Ainsi, la créance de Madame [P] [S] paraît fondée en son principe et celle-ci justifie de circonstances susceptibles d'en menacer le recouvrement.
Dès lors, il convient de rejeter la demande de mainlevée de la saisie-conservatoire
III. Sur les autres demandes
Sur les dépens
Aux termes de l'article 696 du code de procédure civile, la partie perdante est condamnée aux dépens, à moins que le juge, par décision motivée, n'en mette la totalité ou une fraction à la charge d'une autre partie.
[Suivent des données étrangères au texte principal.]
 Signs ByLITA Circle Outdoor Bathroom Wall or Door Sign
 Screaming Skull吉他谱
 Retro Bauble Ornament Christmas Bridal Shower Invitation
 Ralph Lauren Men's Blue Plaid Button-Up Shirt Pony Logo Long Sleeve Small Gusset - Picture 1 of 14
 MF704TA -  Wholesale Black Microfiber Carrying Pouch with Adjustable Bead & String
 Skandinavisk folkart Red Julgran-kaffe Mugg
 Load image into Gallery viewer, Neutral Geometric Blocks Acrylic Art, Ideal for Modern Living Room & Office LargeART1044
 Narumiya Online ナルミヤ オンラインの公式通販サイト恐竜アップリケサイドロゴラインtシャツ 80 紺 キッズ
Madame [T] [R], qui succombe, sera condamnée aux dépens, qui comprendront les éventuels dépens de l’ordonnance autorisant la saisie conservatoire.
Sur les frais irrépétibles
Aux termes du 1° de l’article 700 du code de procédure civile, le juge condamne la partie tenue aux dépens ou qui perd son procès à payer à l’autre partie la somme qu’il détermine, au titre des frais exposés et non compris dans les dépens. Dans tous les cas, le juge tient compte de l’équité ou de la situation économique de la partie condamnée. Il peut, même d’office, pour des raisons tirées des mêmes considérations, dire qu’il n’y a pas lieu à ces condamnations.
Madame [T] [R], condamnée aux dépens, sera tenue de verser à Madame [P] [S] une indemnité que l'équité commande de fixer à la somme de 500 euros, en l’absence de tout justificatif, convention d’honoraires ou facture.
PAR CES MOTIFS
La juge de l’exécution, statuant après débats en audience publique, par mise à disposition au greffe, par jugement contradictoire et en premier ressort,
REJETTE la demande de sursis à statuer ;
REJETTE la demande de mainlevée de la saisie conservatoire effectuée le 4 septembre 2023 et dénoncée à Madame [T] [R] le 12 septembre 2023 ;
CONDAMNE Madame [T] [R] aux dépens, qui comprendront les éventuels dépens de l’ordonnance autorisant la saisie conservatoire ;
CONDAMNE Madame [T] [R] à payer à Madame [P] [S] la somme de 500 euros au titre de l’article 700 du code de procédure civile ;
DÉBOUTE les parties de leurs demandes plus amples ou contraires.